October 16, 2007
Expect abnormal to be norm
College football's craziness here to stay
By Kirk Bohls
AMERICAN-STATESMAN STAFF
If you're a college football fan, here's how you should bet the house this weekend.
Michigan State will knock off top-ranked Ohio State. After all, we've already had three different No. 1 teams for the first time since 2000. Surely there will be a fourth.
Baylor will pop Texas. Iowa State will rise up and crush Oklahoma. After beating No. 1 LSU in overtime, Kentucky will lose by 50 to Florida. Upstart Notre Dame will score TWO touchdowns and pound Southern Cal. Third-ranked Boston College will lose, too, and it doesn't even play this week.
We wish we were kidding. Who knows anymore?
College football overnight has become an underdog's delight and a gambler's AA meeting date to be named later. Never has there been a season this crazy, this nutty, where up is down, where being a heavy favorite means absolutely nothing, and schools such as Nebraska are so distraught they're replacing athletic directors in the middle of the season.
Someone has kidnapped reason and logic and is holding them hostage, hopefully until the powers institute a playoff. Could there be a greater need for a 16-team playoff than this year, when even Mack Brown said a two-loss team could be crowned national champion?
Forget the madness of March. We're hip-deep in it. It's only a matter of time until Lee Corso picks the Florida-Georgia winner and puts on a Bucky Badger head. It's gotten that off-kilter.

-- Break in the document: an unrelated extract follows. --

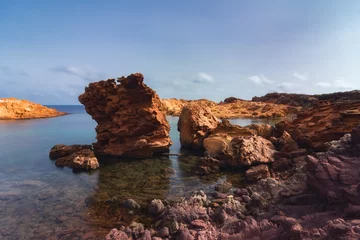 Papier Peint photo Cala Pregonda, île de Minorque, Espagne Incroyable plage de Minorque en Espagne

"There are no upsets any more," Brown said.
Can we have USC and golden boy Pete Carroll back? Will the grinch who stole Nebraska replace it before Ball State boots the Pinkshirts out of Lincoln and starts playing its home games in there? If Michigan doesn't return to form, Russell Crowe is going to get really ticked off and hit someone. Will the guilty party return the real Notre Dame before NBC reneges on its contract and starts televising South Florida's games every week? What's next: " 'ESPN College GameDay,' live from ... Chestnut Hill, Mass."?
It's lunacy, I tell you. Unadulterated wackiness. Ten ranked teams have lost to unranked clubs. At this rate, Todd Reesing is certain to win the Heisman even though nobody outside the Big 12 has ever heard of him. Lou Holtz is going to start making sense. Sheer craziness.
And I'm here to tell it's great for college football. It's boffo for ratings, terrific for ad men, a godsend for ticket brokers.
Now, it's downright lethal for Texas and USC and Notre Dame and Penn State, but the little guys are dancing in the streets. There's not a goalpost safe from Palo Alto to Lexington.
"You look at the NFL, and any team can win any week," Texas defensive tackle Derek Lokey said. "You can't just roll your helmet out there, and the (opposing) team will back down in a corner. The Stanfords of the world, the Appalachian States. Usually we see two or three of those upsets a year. Now we see two or three a week."
Except what's an upset any more?
The playing field has been leveled for reasons beyond the oft-used excuse, the 85-scholarship limit per Division I-A team.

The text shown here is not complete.